Sets of Numbers

Section 1.1 Sets of Numbers

In this course we are mainly interested in the counting numbers, which we will call the natural numbers, \(\mathbb{N};\) more specifically,

\begin{equation*} \mathbb{N}=\{1,2,3,4,5,6,7,8,9,10,...\}. \end{equation*}

If we add \(0\) to the naturals we will denote the set by \(\mathbb{N}_0;\) that is,

\begin{equation*} \mathbb{N}_0=\mathbb{N}\cup\{0\}. \end{equation*}

If we then add the negatives, we come up with the integers¹,

\begin{equation*} \mathbb{Z}=\{..., -3, -2, -1, 0, 1, 2, 3,...\}. \end{equation*}

If we divide integers by non-zero integers, we get the rational numbers, or quotients,

\begin{equation*} \mathbb{Q}=\left\{\frac{a}{b}:a,b\in\mathbb{Z}, b\neq 0\right\}. \end{equation*}

It is easily seen from the definitions above that

\begin{equation*} \mathbb{N}\subset\mathbb{N}_0\subset\mathbb{Z}\subset\mathbb{Q}, \end{equation*}

where "\(\subset\)" is used to mean "is a subset of"; symbolically

\begin{equation*} A\subset B \Leftrightarrow (\forall x\in A, a\in B). \end{equation*}

Unfortunately, not all numbers are rational. For example, in number theory we are sometimes interested in solutions to polynomial equations, such as

\begin{equation} x^2-2=0\text{.}\label{Eq-1_1}\tag{1.1.1} \end{equation}

The solution to (1.1.1) is \(x=\sqrt{2},\) which most of us know is an irrational number. But to be sure we must prove it. First we introduce some notation.

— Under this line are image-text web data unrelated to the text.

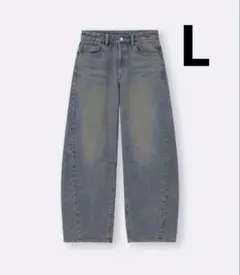 【GU】バレルレッグジーンズ レディースL(標準丈)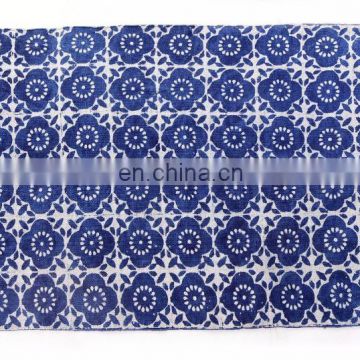 100% cotton rug diamond weave indigo blue / white 90x150cm 3x5 Ft quayside home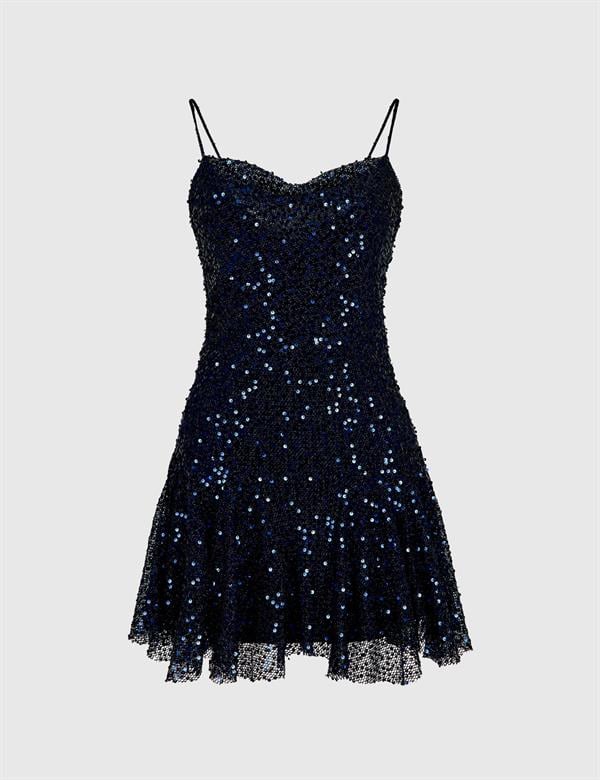 Olina Navy Blue Women's Dress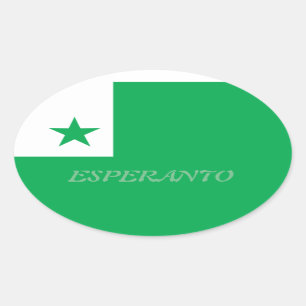 Esperanto Oval Sticker
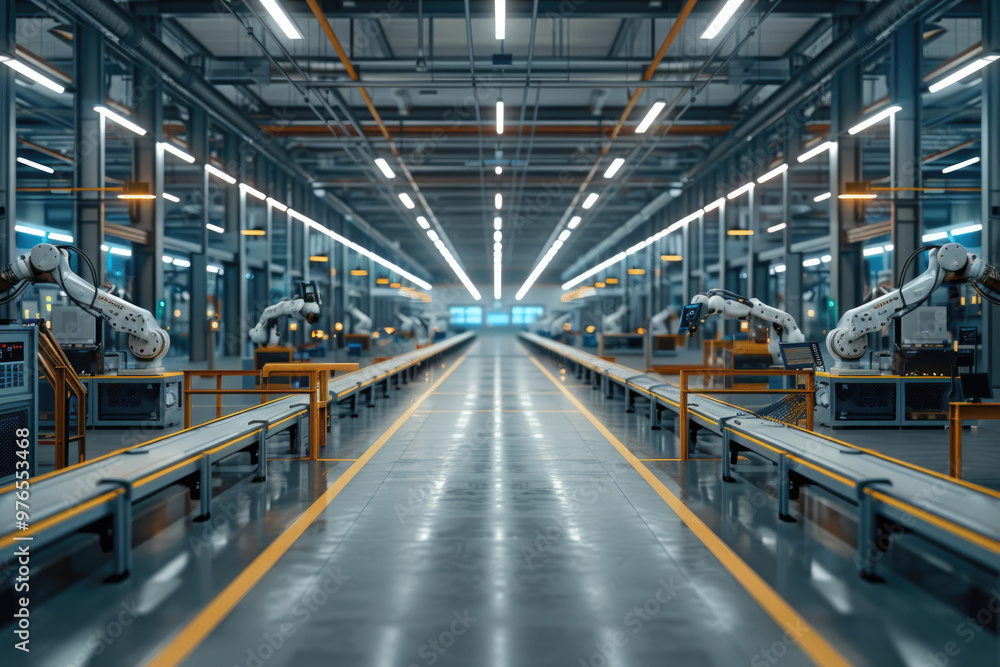 The robotic arm production line in modern factories The robotic arm production line in modern factories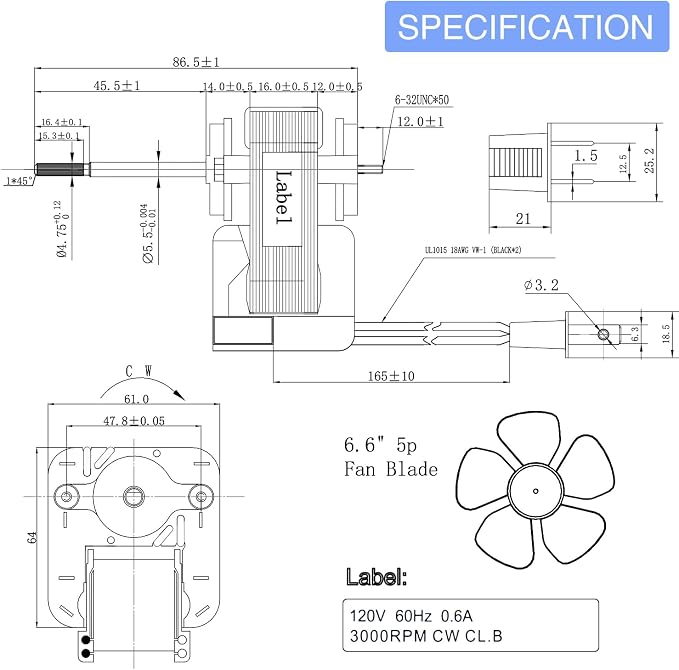 Frienda Universal Bathroom Vent Fan Motor Replacement Electric Motors Kit - Image 3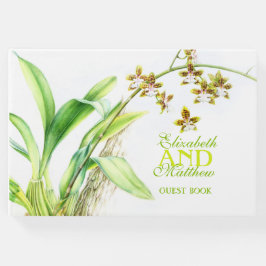 Visitas Livro de convidados de casamento da orquídea verde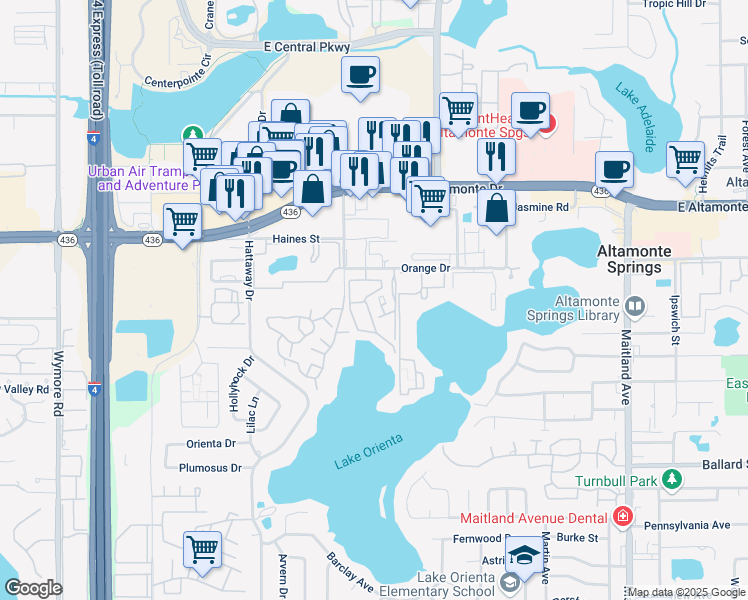 map of restaurants, bars, coffee shops, grocery stores, and more near 246 Orienta Point Street in Altamonte Springs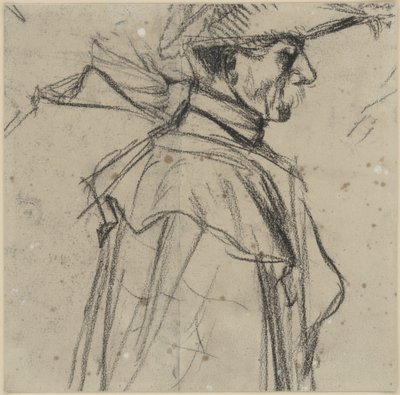 Důstojník s kloboukem a kabátem od Adolph Menzel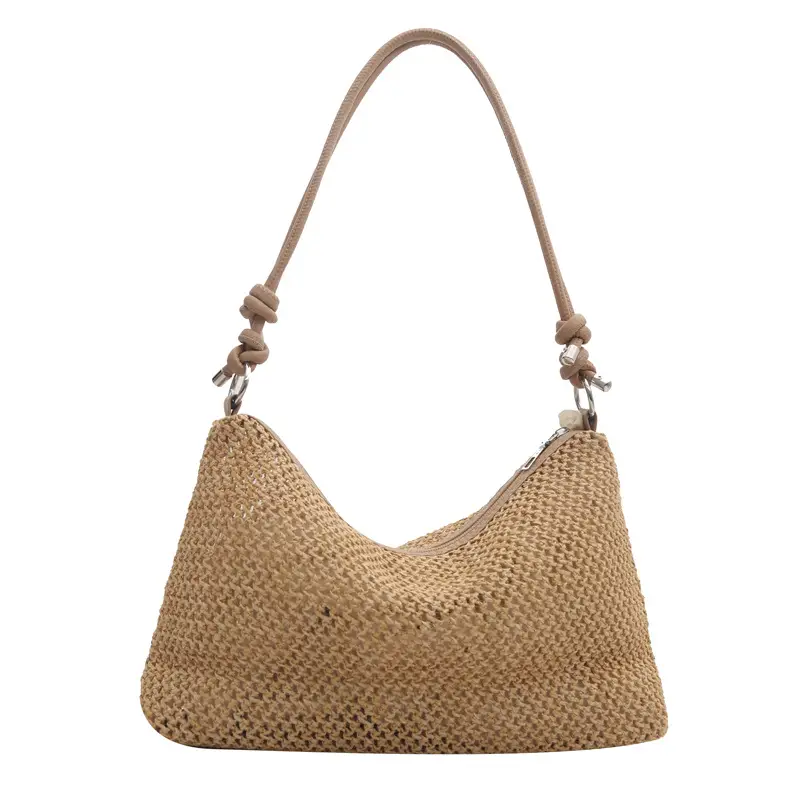 Women Straw Handbag Vintage Woven Large Capacity - Image 4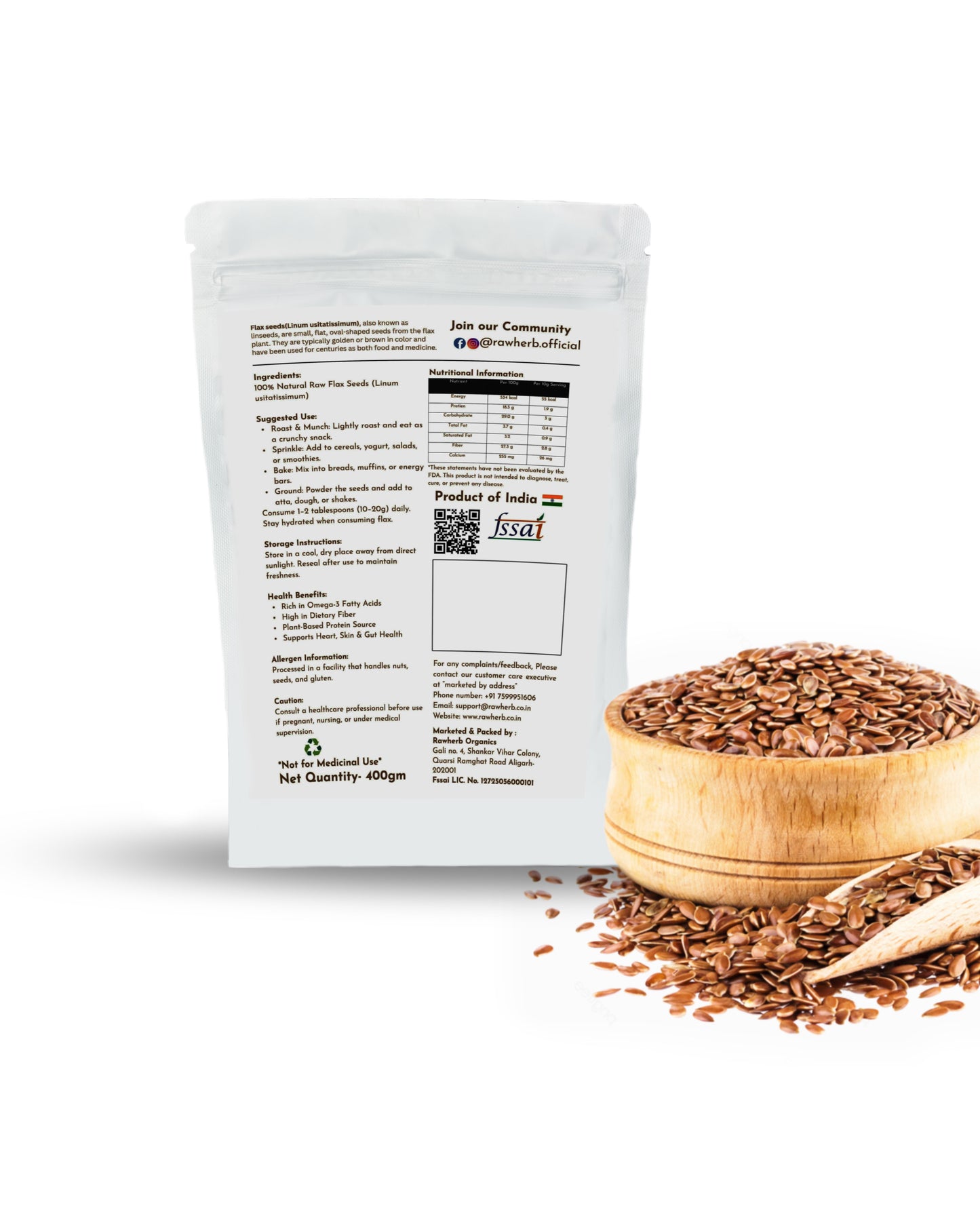 Rawherb Flax Seeds 400g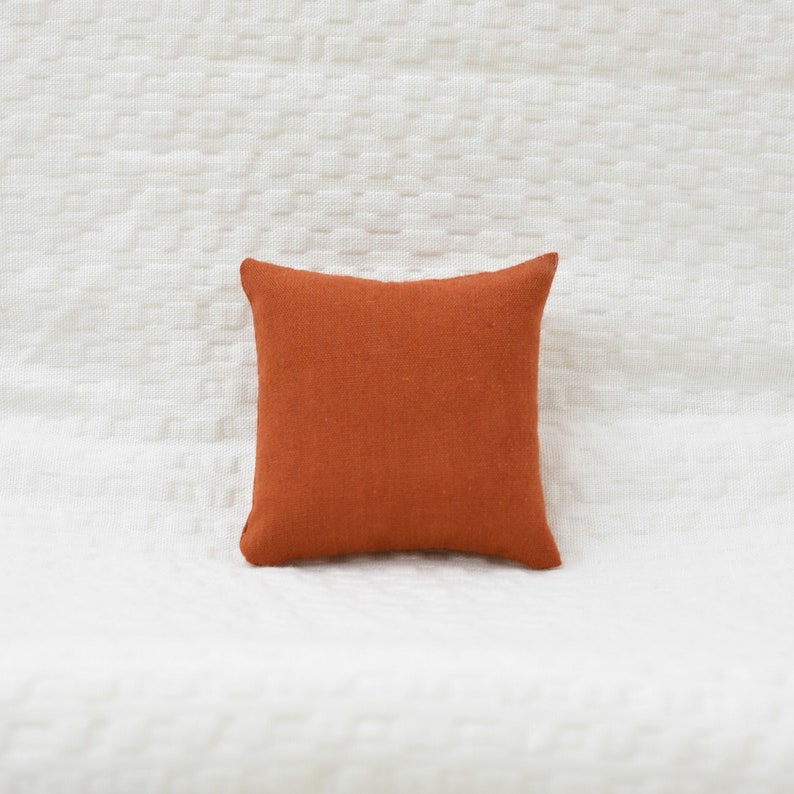 May include: A burnt orange throw pillow with a linen texture.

\(\mathbb{Z}\) comes from the German word for numbers, Zahlen

Convention 1.1.1.

We say that \(a\) divides \(b,\) and write \(a\vert b,\) if there is some integer \(c\) such that \(b=ac.\)

Theorem 1.1.2.

\(\sqrt{2}\) is irrational.

Proof.

By contradiction. Suppose that \(\sqrt{2}\in\mathbb{Q}.\) Then we may write \(\sqrt{2}=\frac{m}{n},\) where \(\frac{m}{n}\) is a completely reduced fraction (in lowest terms). Since \(\sqrt{2}=\frac{m}{n}\) we have

\begin{equation*} 2n^2=m^2 \end{equation*}

and so \(2\vert m^2,\) which implies that \(2\vert m.\) That there is an integer \(k\) such that \(m=2k.\) Now we have

\begin{equation*} 2n^2=m^2=(2k)^2=4k^2, \end{equation*}

which reduces to

\begin{equation*} n^2=2k^2. \end{equation*}

This is similar to the earlier case, and so it must be the case that \(2\vert n.\) Since \(2\vert m\) and \(2\vert n,\) the rational number \(\frac{m}{n}\) is not in lowest terms, a contradiction. Thus \(\sqrt{2}\) is irrational.

Similar to a calculus class, we denote the set of rationals and irrationals as \(\mathbb{R},\) and call this the real numbers.